Thursday, 29 March 2012

News Digest 29.03.12

Chavanel wins De Panne - Bras out of Flanders - 32 to learn Mantova fate - 2016 Tour may start in Yorkshire - Fotheringham's Merckx book tops best sellers - Mansilla cleared of EPO use


Sylvain Chavanel (Omega Pharma-QuickStep) has won the Three Days of De Panne with a time of 12h05'44" - identical to second-place Lieuwe Westra (Vacansoleil-DCM), but beating him on points. Macieg Bojnar (Liquigas-Cannondale) was third, finishing 4" down. (Full results when available)


Martine Bras will not ride the Ronde van Vlaanderen voor Vrouwen after a training accident at the Zolder circuit on Wednesday. The 33-year-old Dolmans-Boels rider has no recollection of what actually took place - " I was told later that someone unexpectedly got in front as I was going full on," she says. "I seem to have nothing broken, but I have a concussion, lacerations to my face and a severe bruise on my shoulder. Long live the helmet, because this could have ended much worse." (More from Dolmans-Boels)
Martine Bras ‏ @martinebras
Crashed at Terlaemen yesterday. No idear what happened. Woke up in hospital. It's not to bad. But will be out for a while.#look/feellikeshit

32 names connected to the Mantova doping case will shortly find out if they are to face criminal charges ranging from trafficking, providing false prescriptions for, providing and using controlled substances. The case centres on the Lampre team of 2008 and 2009, though the existence of the investigation was not made public until 2010. The most high profile characters now waiting to hear more are Alessandro Ballan (unintentional star of phone transcripts called deeply distressing and shocking by Gazzetta dello Sport right before  publishing them the day before the 2011 Giro d'Italia, thus guaranteeing maximum impact), Michael Rasmussen, Damiano Cunego and Giuseppe Saronni - twice winner of the Giro and 1982 World Champion, general manager of Lampre up until his resignation due to this case in April 2010. (More from the Gazzetta's "Gazzetta di Mantova")

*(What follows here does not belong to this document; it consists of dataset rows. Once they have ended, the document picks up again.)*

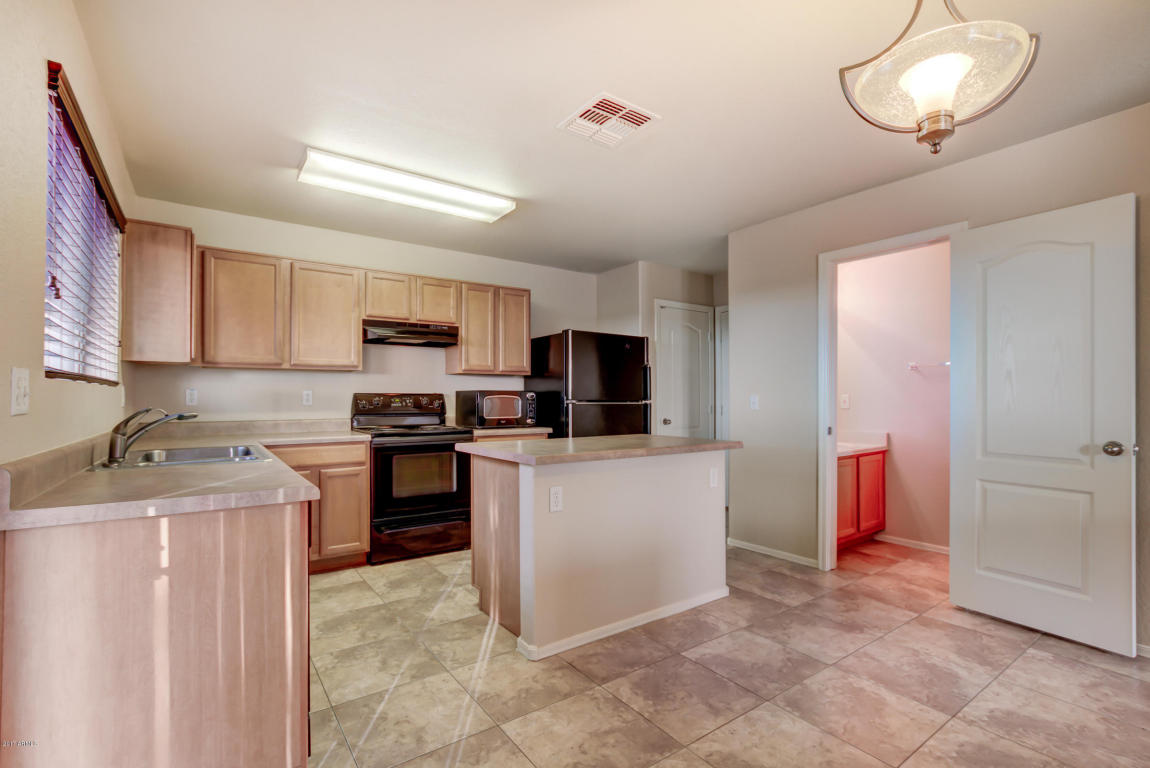 8951 E Plana Ave, Mesa, AZ 85212 photo 3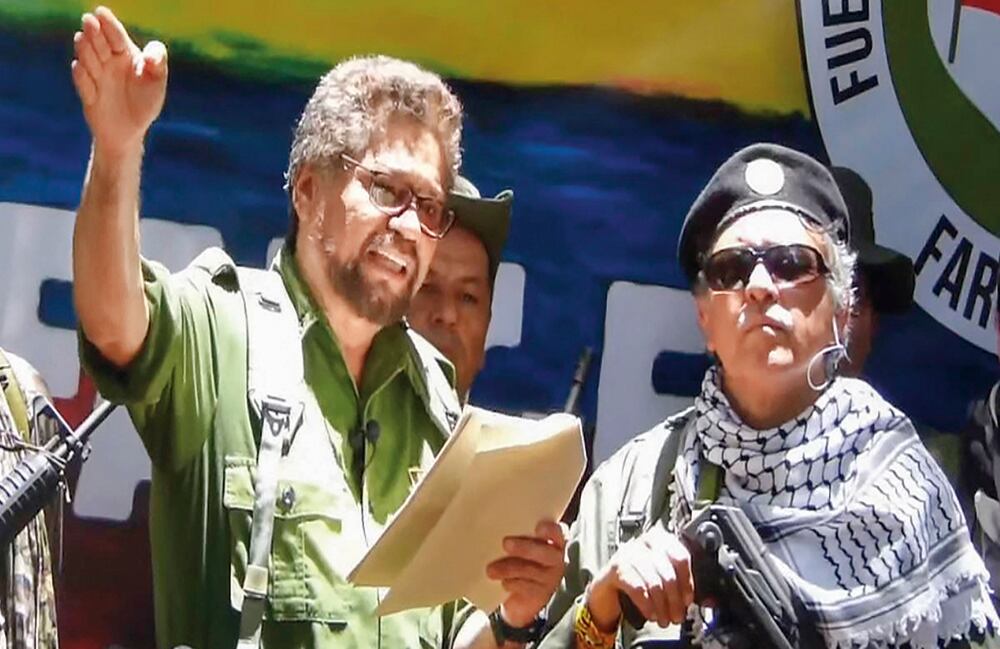 Iván Márquez (izquierda), jefe de la Segunda Marquetalia, anunció desde 2019 una nueva modalidad de crimen en el país. Sus objetivos, dijo, serían la “oligarquía” y los firmantes de paz.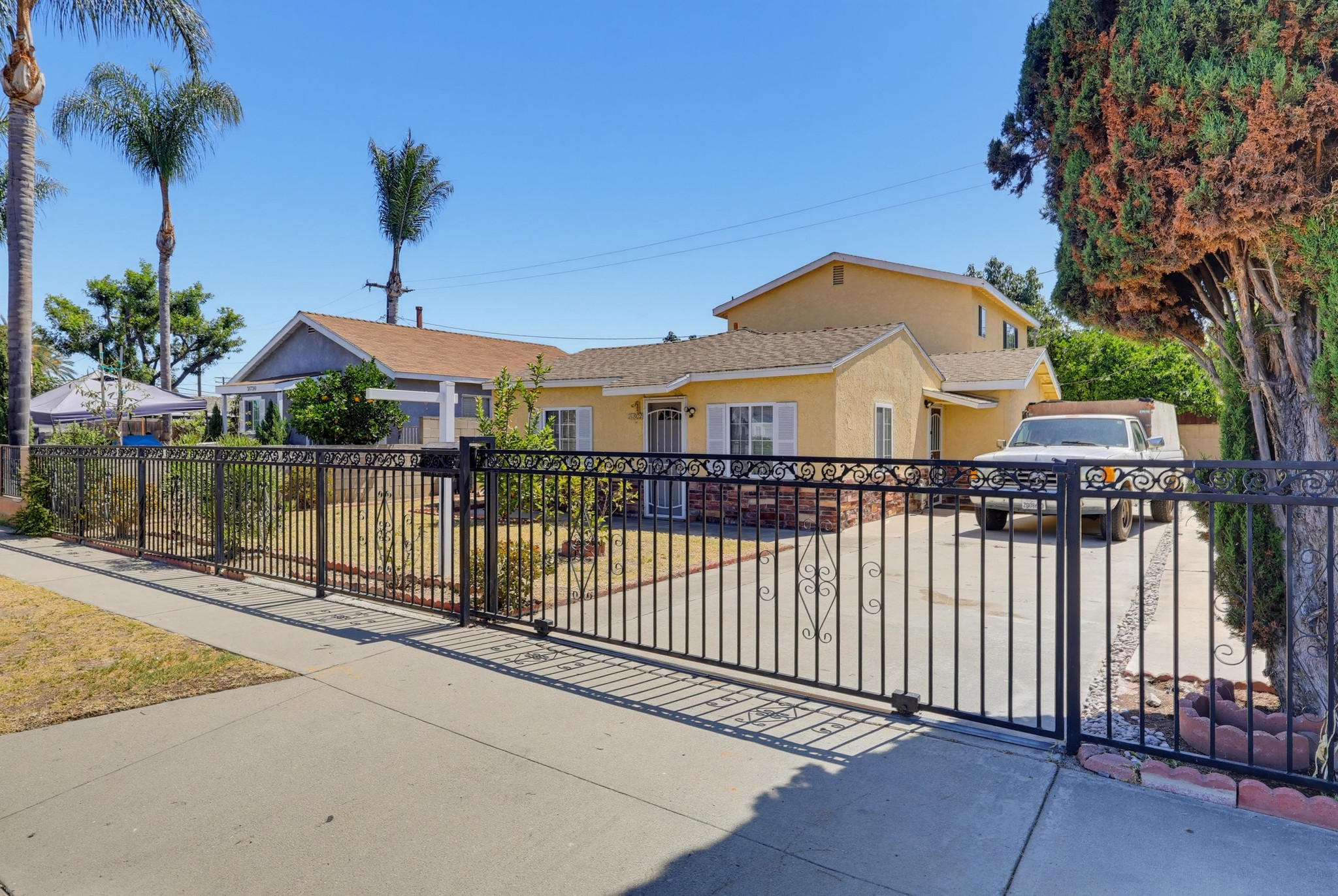 Virtual tour photo 1 of 57 for 21802 Elaine Ave
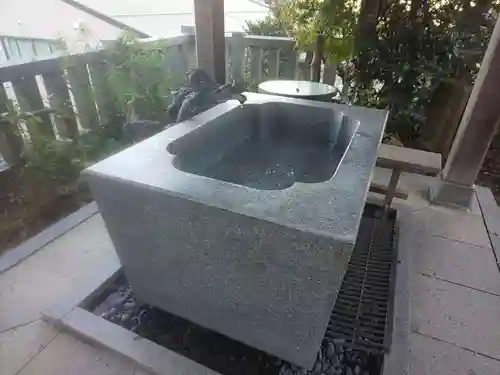 毛谷黒龍神社の手水舎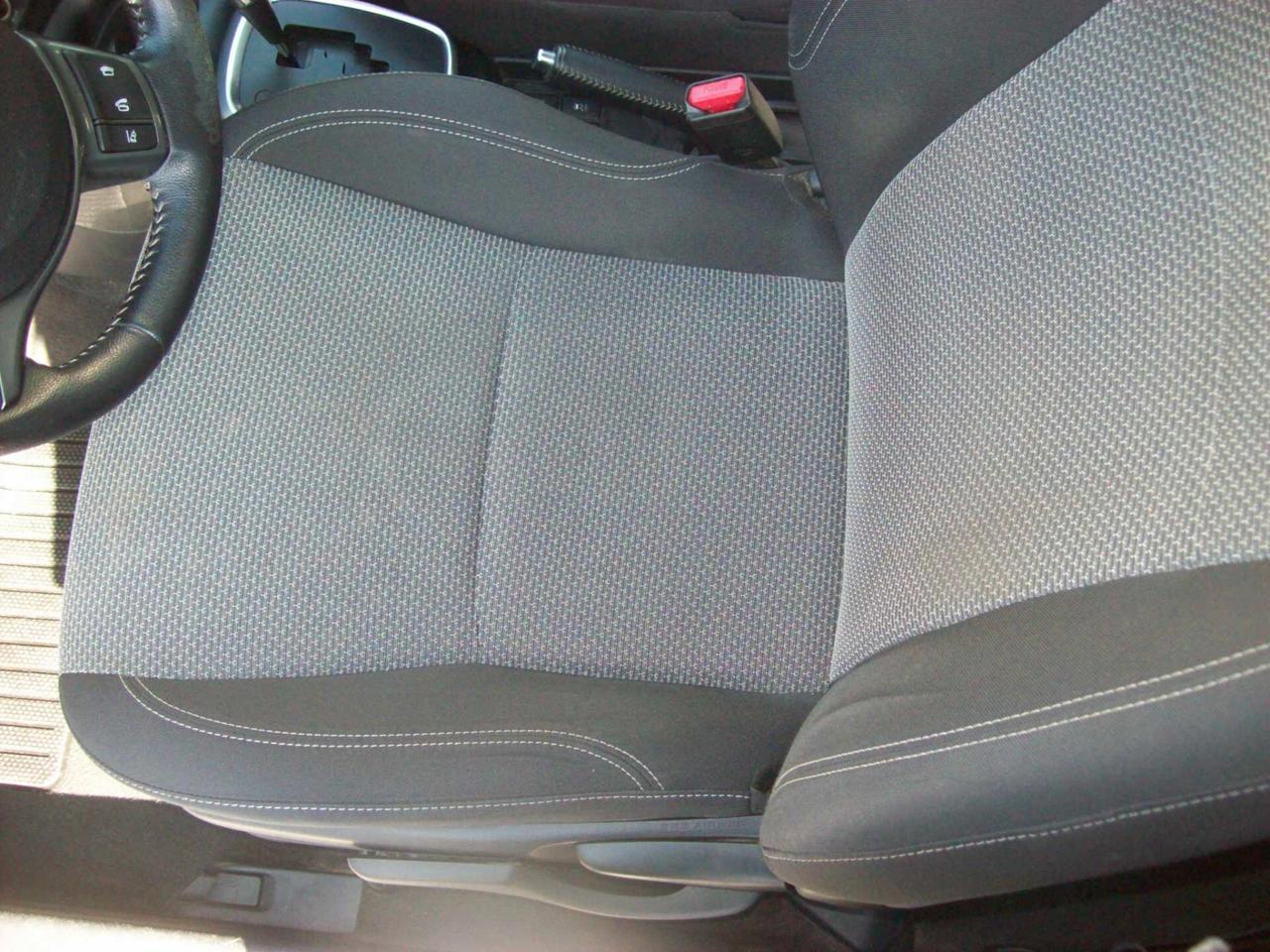 Toyota Yaris 1.5 Hybrid 5 porte Business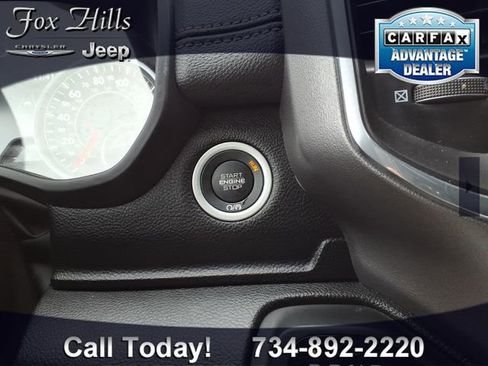 Used 2025 RAM 1500 Laramie AWD/4WD image 23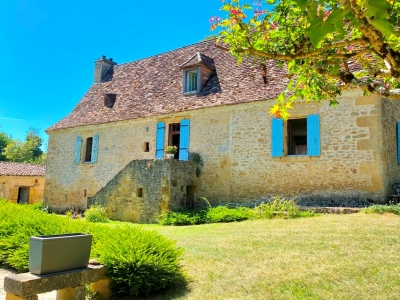 Attractive 18th century farmhouse with guest studio, swimming pool and large garden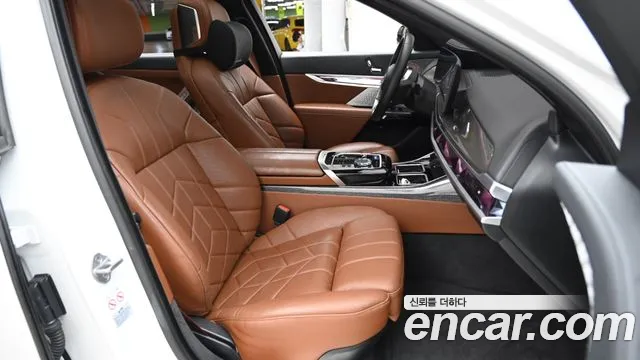 BMW i7 2024 thumb 10
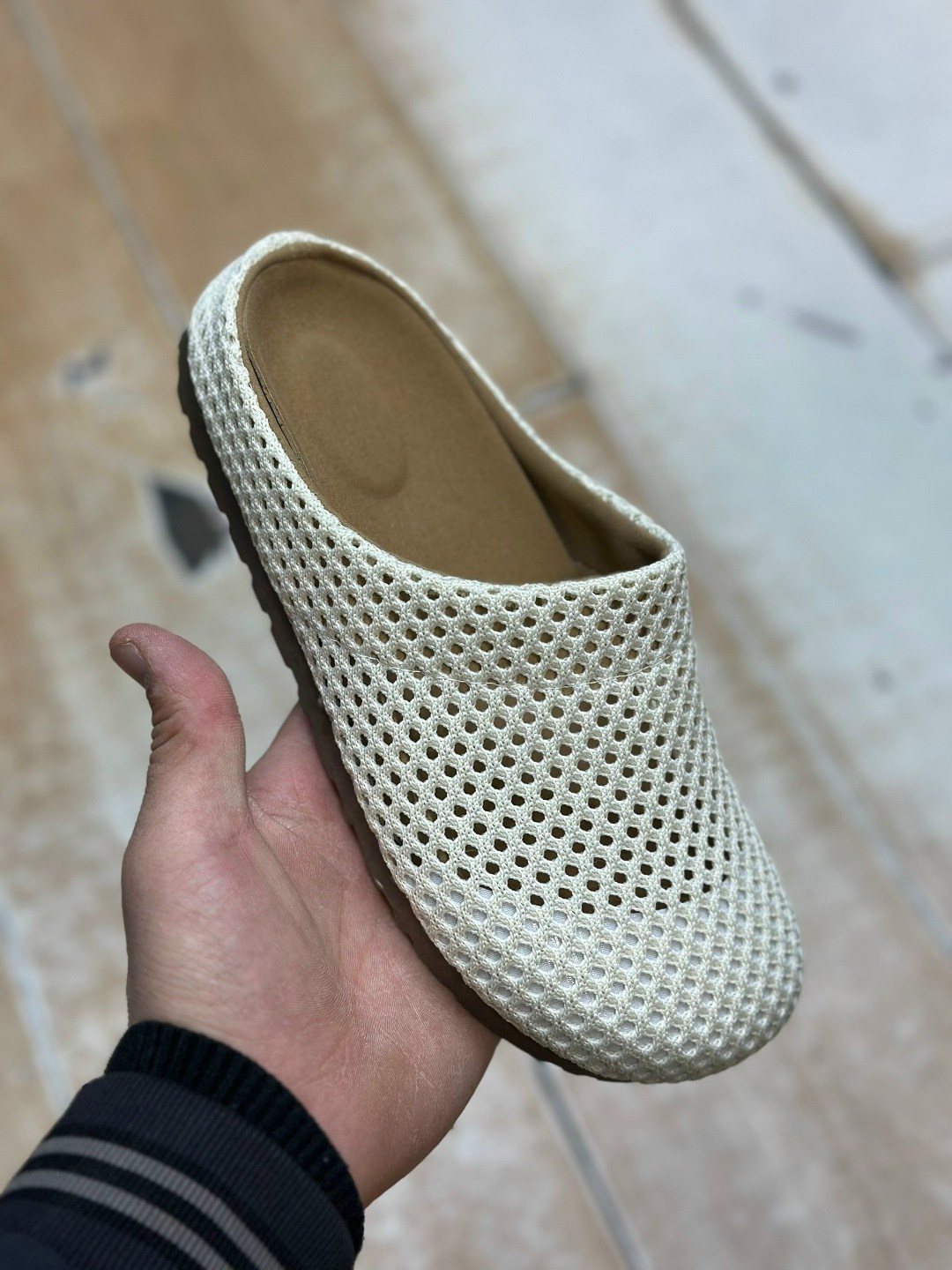 ,мужские тапочки,мужские шлепанцы,летние тапочки,тапочки модные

The Yorkshire Tourist Board has officially begun its bid to host the start of the 2016 Tour de France. If successful, it will be the third time the Tour has visited Britain - however, there is strong competition from Scotland, Venice, Barcelona and Berlin. The Board has set up a webpage where the public can pledge their support.

Luis Mansilla, who provided a sample that was tested positive for EPO at the Vuelta Ciclista a Chile on the 10th of January this year, has been cleared after his B sample proved to be negative. While overjoyed that he is now free to train for the Olympics, the 25-year-old Chilean told emol.com "[The case] has been highly damaging to me, and my family suffered because they didn't know what to do and could not believe it. I was angry, I was made to feel ashamed for something I had not done. I was so angry I had to stop riding."

William Fotheringham's new book on Eddy Merckx - Merckx: Half Man, Half Bike - has gone to the top of The Times' hardback best sellers list. Once again: cycling's a niche sport in Britain, right?